175
   

What made you smile today?

 
 
Diane
 
  1  
Reply Wed 8 Sep, 2004 08:18 pm
Oh, how sad. What did you say?
0 Replies
 
realjohnboy
 
  1  
Reply Wed 8 Sep, 2004 09:12 pm
We said, I guess, "Happy birthday." He (approaching 50 and an old country boy) would be embarrassed by cake and candles and people trying to sing at work.
He and his wife and their kids and the grandfolks will probably have a nice
celebration and tonight is Wednesday so that is church night for them;
No balloons.
Today is also the birthday of Sid Caeser (82). Anybody remember him?
Damn, he and Imogene were funny! -rjb-
0 Replies
 
nimh
 
  1  
Reply Fri 10 Sep, 2004 03:45 pm
(I gotta type this out first)


So I had a precariously short night, having preferred, yesterday, to work deep into the night rather than to have to run around like a headless chicken, panicking about things undone and asked after, all day today. Better tired and relaxed than well-slept but all stressed, was the line I'd come up with (though obviously you can only do that so many times). Early morning appointment, and back to work.

Feeling upbeat about it, though - in fact, in the face of what I was afraid would finally collapse me into the hapless and irrevocably small, I've actually been eerily cheerful and lighthearted, lately. For days now, just suddenly being able to let it all go and blow over me as things come up and disappear again (we're preparing an imminent, big conference) - grinning, even, and joking. Feeling like - as if the Lord relieved me, for some unknown momentary reason. Well, I dont feel like that all the time of course - but surprisingly steadily. It's all the others who've gone either deflated or impatient now, in fact. A highly unexpected and counterinstinctual (and probably temporary) turn of events, that.

But, after last night at the office, I did think I deserved an early evening off today, and so left straight at six, or close anyway. The sun shone too, a last warm day in Utrecht. Me on the terrace, reading the paper, listening to people chat around me, watching happy girls and stout young men and the Ledig Erf's usual charming bunch of driftwood people. But something was missing & I headed on home to take care of my new plants (something up with them again).
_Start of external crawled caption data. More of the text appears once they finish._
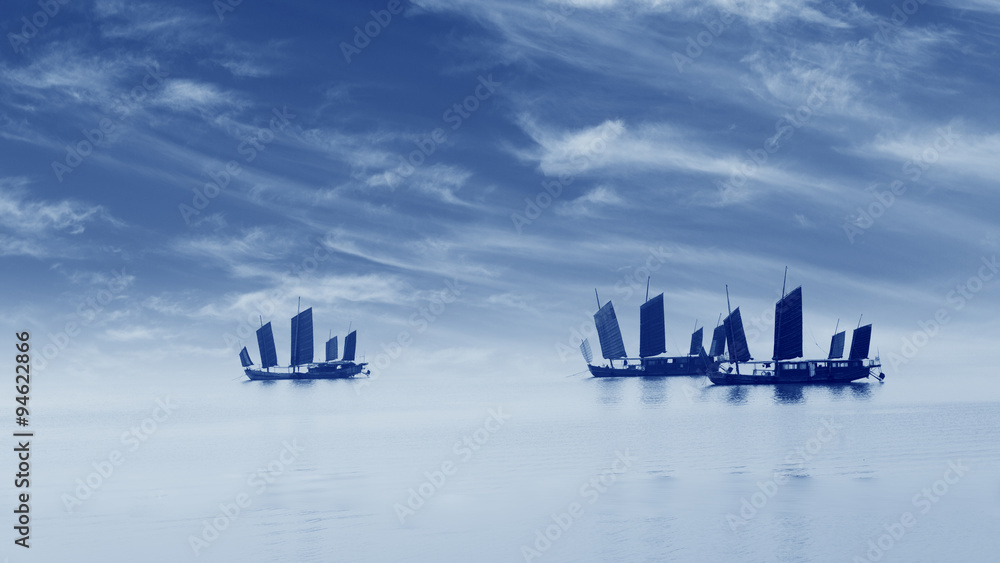 Fototapeta premium Chinese fishing boats sailing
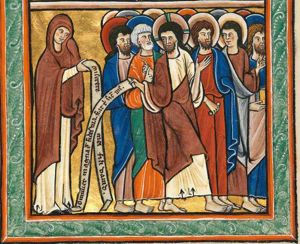 the Canaanite woman approaches Christ, who is surrounded by his disciples; she is holding an inscribed scroll forward with her right hand; Christ turns back his head to his right; He raises His left hand with the palm in front view, stretching his right arm sidewards and backwards, holding an inscribed scroll; Peter holds both hands in front of his chest, pointing(?) at both Christ and the woman; one apostle is turning his head back to his right, raising his left hand with the palm upwards; one apostle holds his right hand with a closed scroll in it; another one holds a book in front of his body.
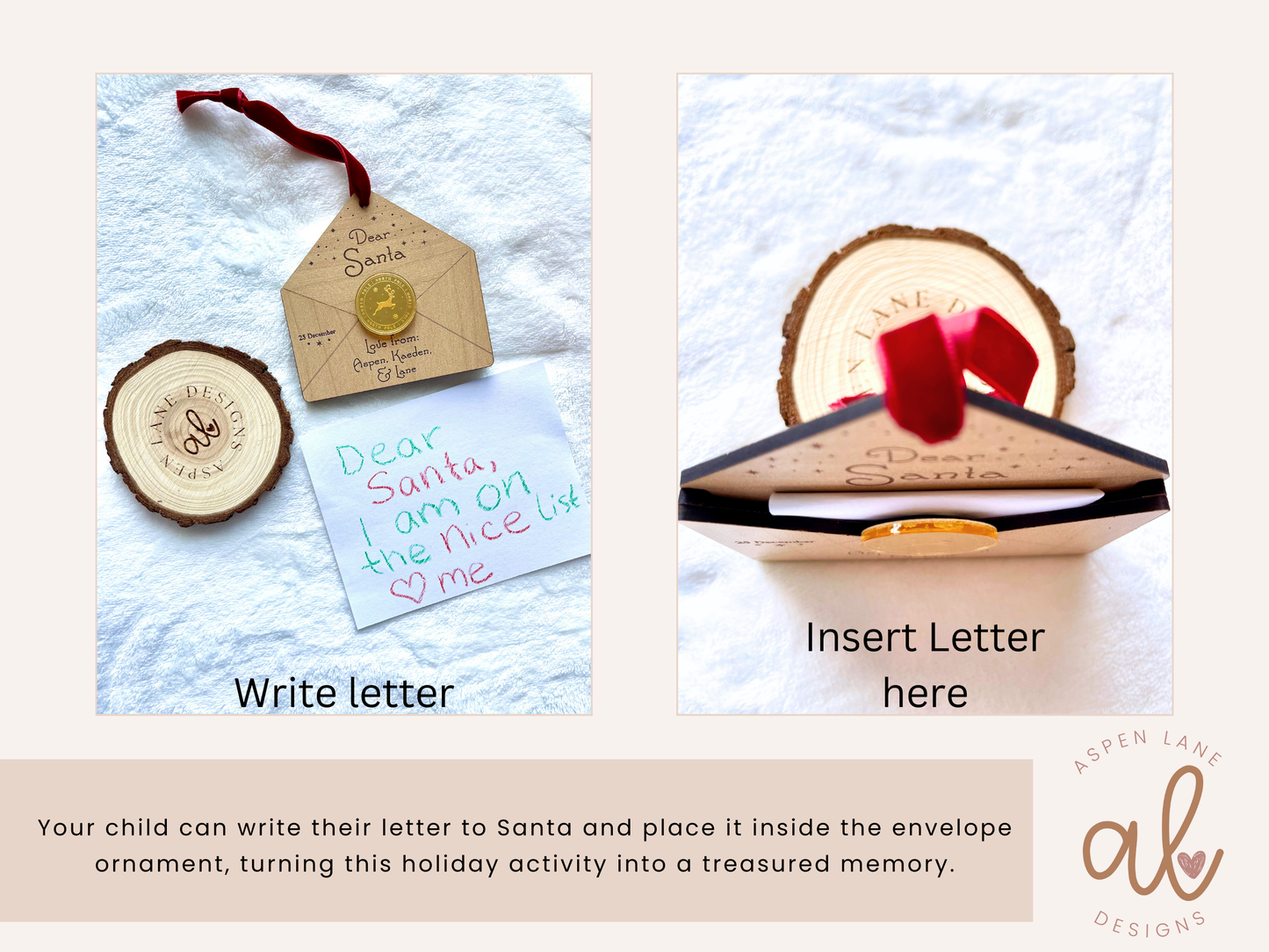 Letter To Santa Ornament, Santa List Envelope Ornament, Dear Santa Letter Wooden Ornament, Personalized Christmas List Ornament, North Pole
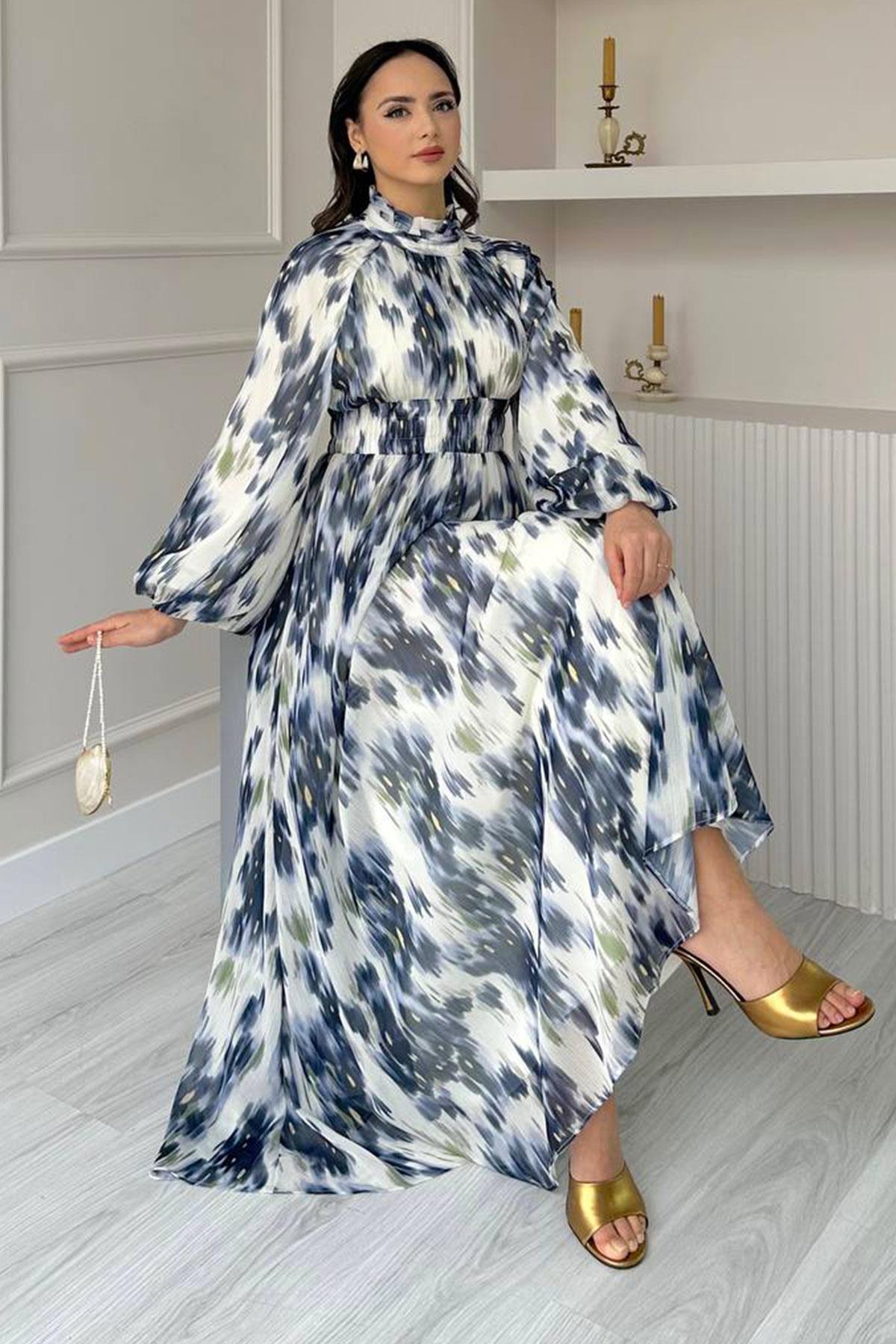 Pastel Desen Şifon Elbise-Lacivert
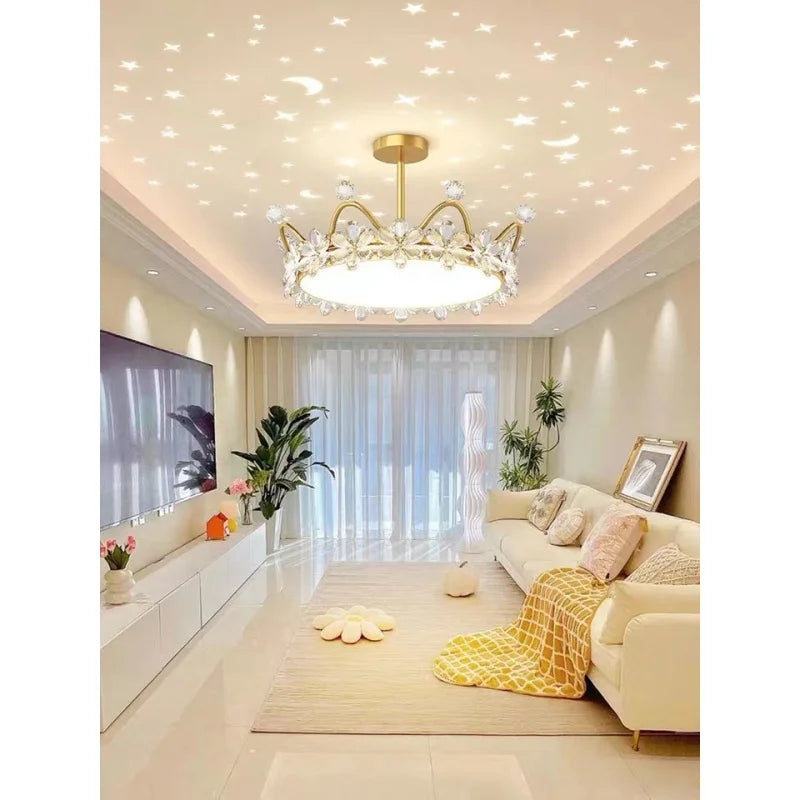Crown Ceiling Lamp Star Light Children's Princess Room Crystal Flower Bedroom Light Light Luxury Lamp in the Living Room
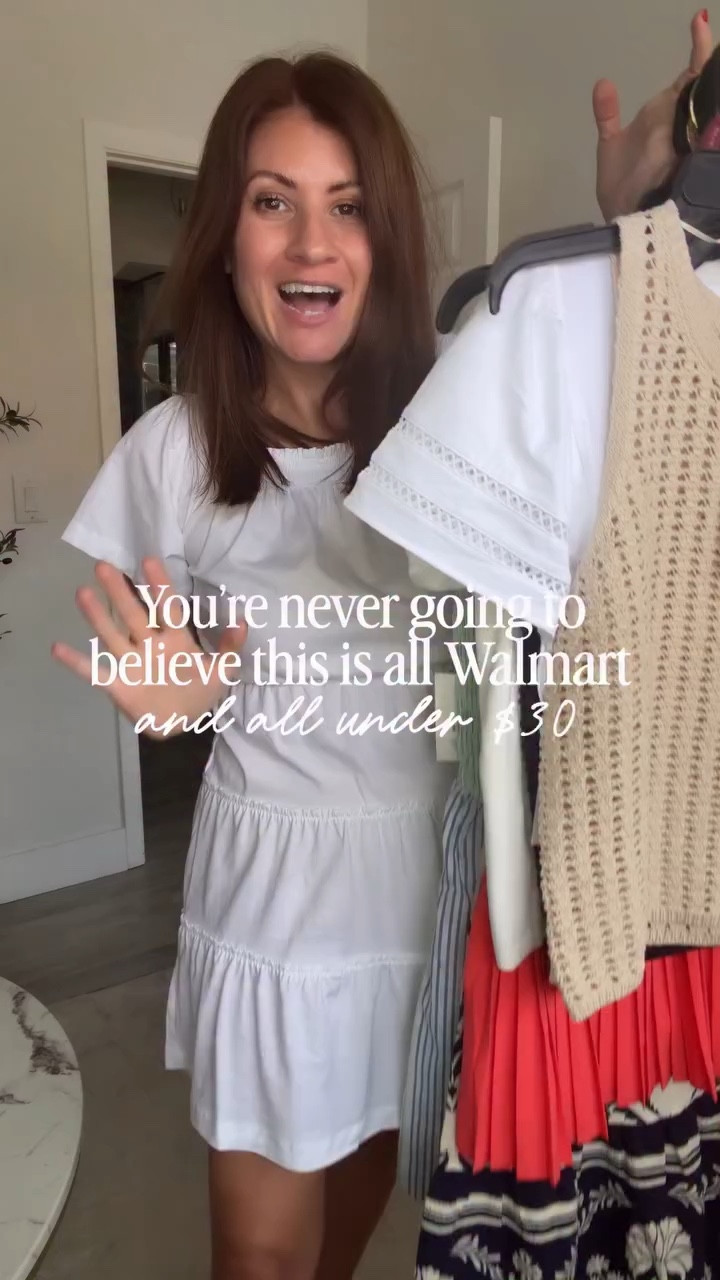 You are NOT going to believe these are all from Walmart 🤯 

Every single piece in this try-on haul is under $30- yes, really!
I unboxed these the other day and had to show you how they actually fit because the quality blew me away. From everyday basics to pieces that feel way more expensive than they are, Walmart is SERVING right now. 

Which look is your favorite? 👀

✨ Follow @styledinasnap_ for more affordable Walmart finds dropping daily!
Wearing:
White dress – size small
Active dress – size small
Open work tank – side small
White jeans – size 4
Linen pants – size small
Navy floral dress – size small
Mini dress – size small
Bell sleeve top – size small ￼
￼
#walmart #walmartstyle​​​​​​​​​​​​​​​​ #walmartcreator

#LTKOver40 #LTKSeasonal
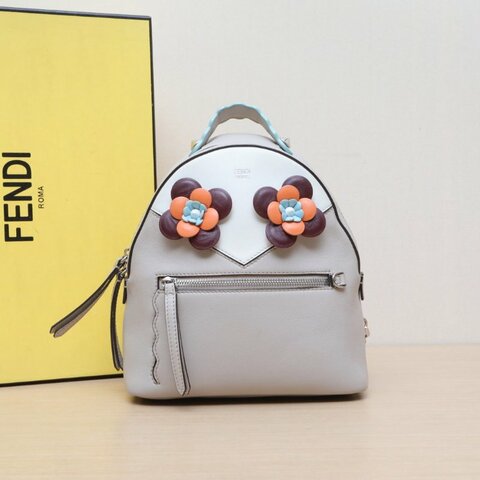 FENDI 拼色牛皮全皮花朵雙肩包肩背包
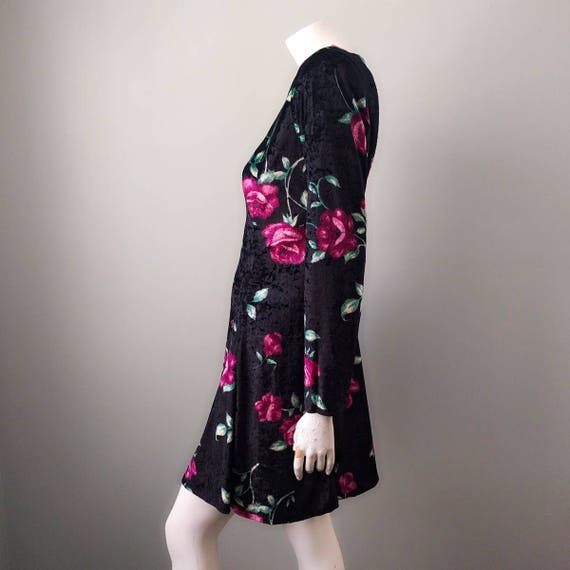 Vintage 1990s Punk Goth Velvet Rose Floral Mini D… - image 4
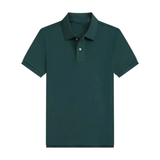 Herren Kurzarm Poloshirt mit Knopfleiste und Kragen – Dunkelgrün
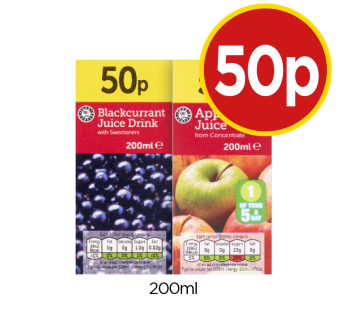 Blackcurrant Juice Drink, Apple Juice - Now Only 50p at Budgens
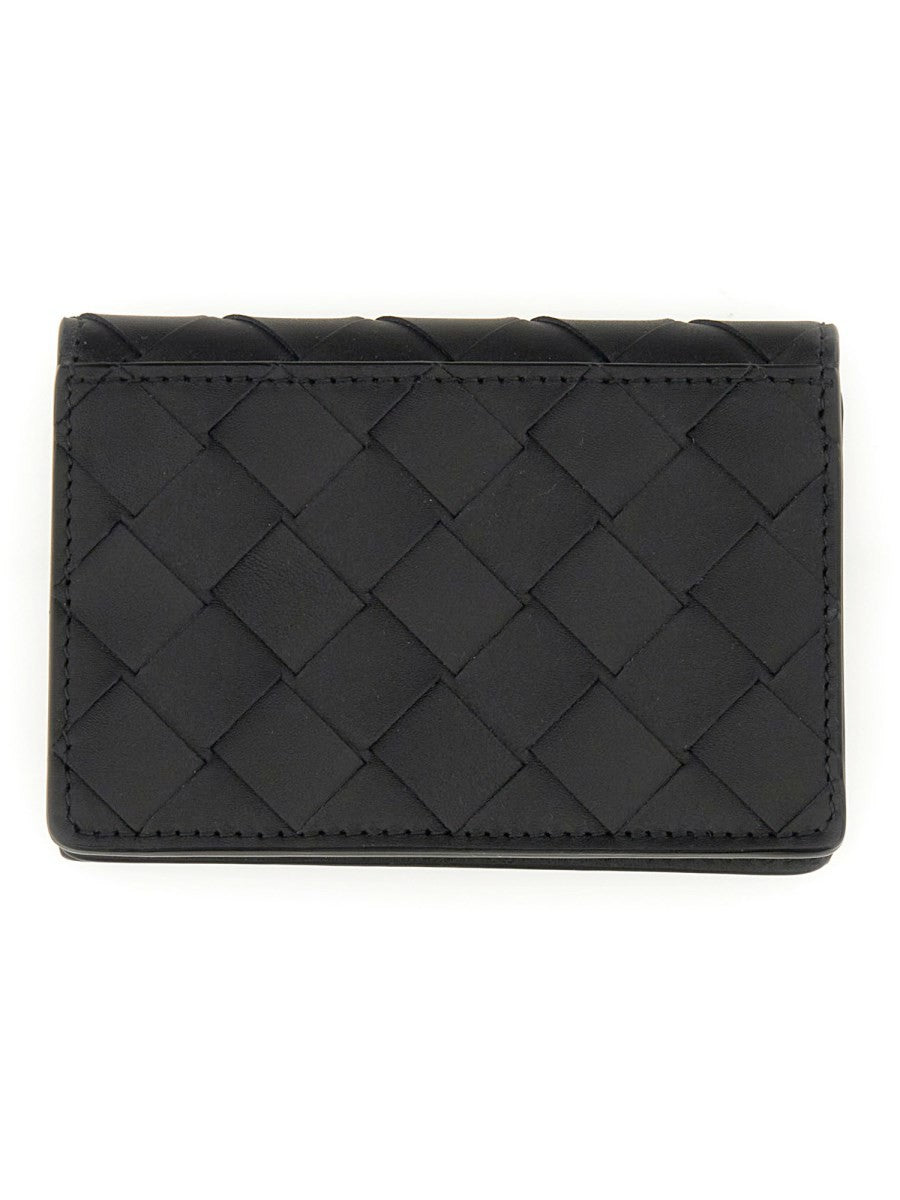 Bottega Veneta Men's Porta Biglietti DA Visita Intrecciato Black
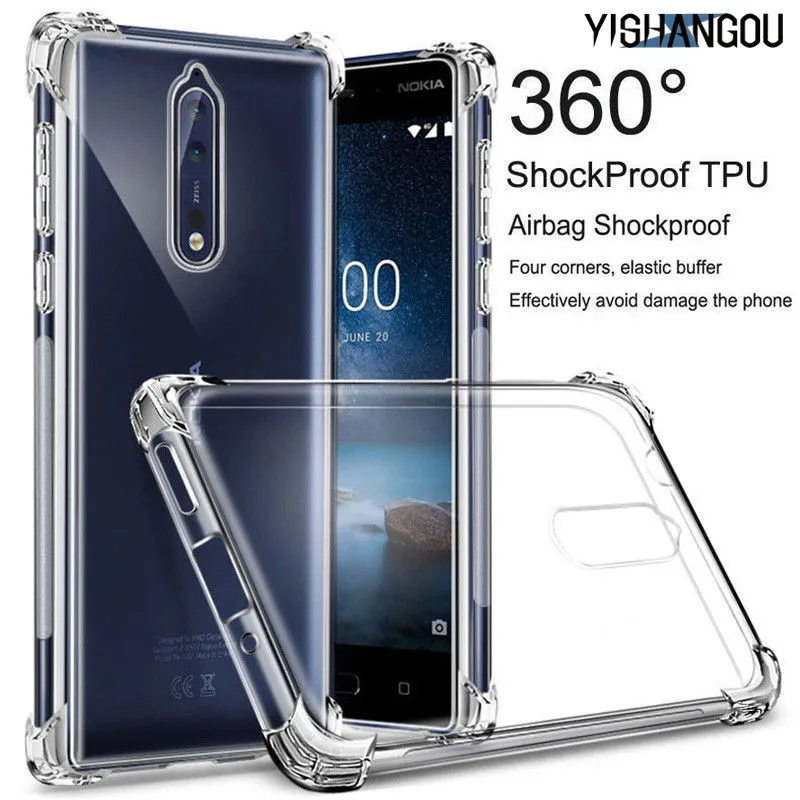 

YISHANGOU Transparent Silicon Full Coverage Phone Case For Nokia X3 X5 X6 X7 2.1 3.1 5.1 6.1 7.1 Plus 1 2 3 5 2017 6 7 2018 8 9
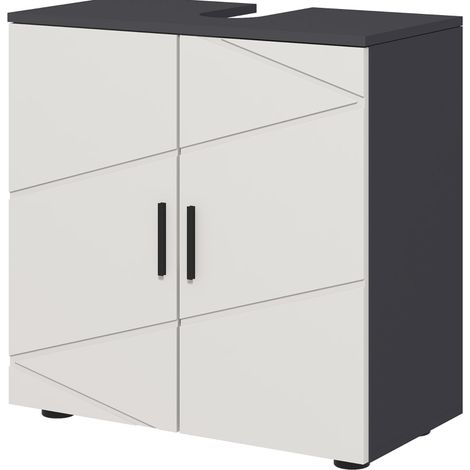 Mueble bajo lavabo gris 60 x 30 x 60 cm con estante regulable y protección antivuelco HOMVRA (1/5)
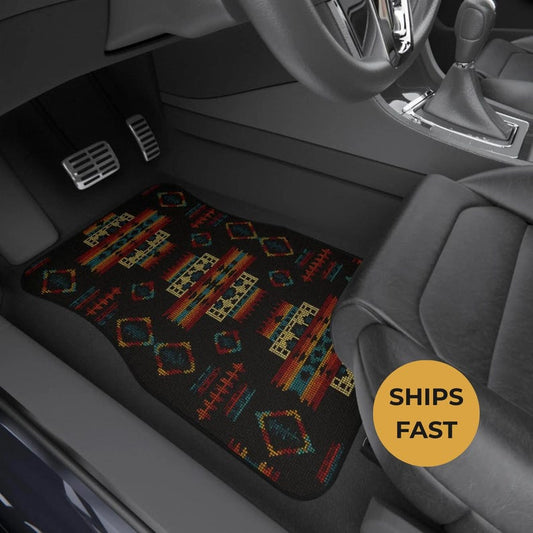 Midnight Prism Native Custom Design Car Floor Mats, Personalized Interior Decor, Set of 4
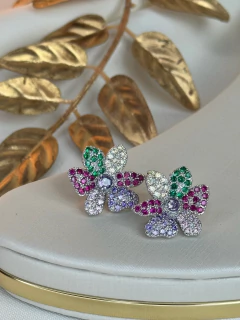 Brinco LUXO flor ponta cravejada BRIGR10 na internet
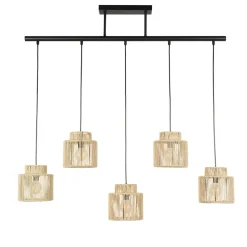 Suspension 5 lumières en métal et cordelette tressé naturel L98cm naturel - Cancun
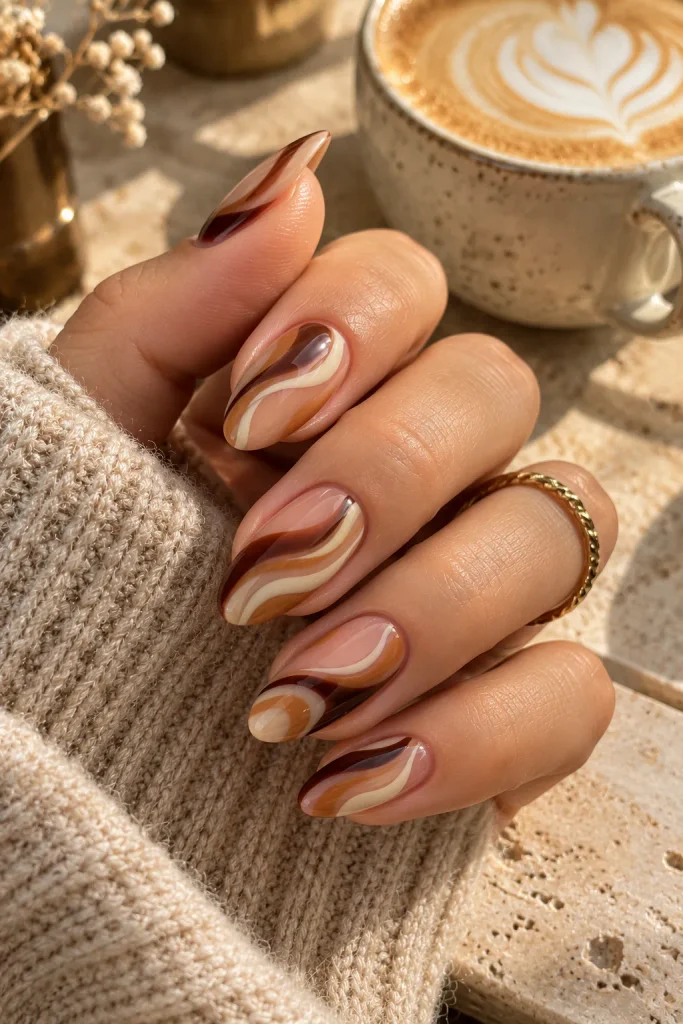 Caramel and Latte Swirl Nails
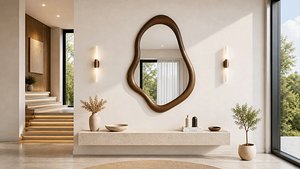 Large Organic Wall Mirror Frame - Wavy Wood Mirror - Modern Irregular Mirror Frame - CNC Cut File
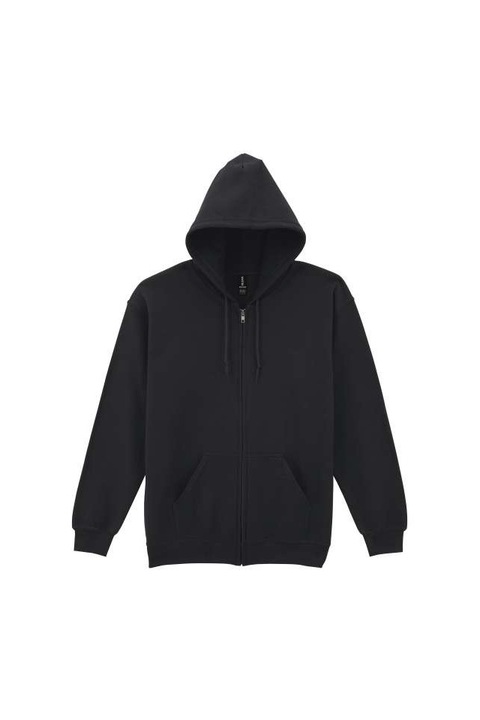 Мъжки суичър, плътен с качулка и цял цип - GI18600, Черен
The moment I jumped on my bike tho, someone strikes up a song, a keyboard and guitar somewhere on the terrace opposite, a little jazzy something. And as I cycle home, I suddenly, very vividly, have a song in my head, an ebullient piece of fifties r&b - b-oo-gie! w-oo-gie! Piano, I can hear the voice, I haven't got a clue where it's from or which CD it could be on but here I am on my bike, passing by the hardcore rockers cafe going, b-oo-gie! w-oo-gie! Why on earth the flashback?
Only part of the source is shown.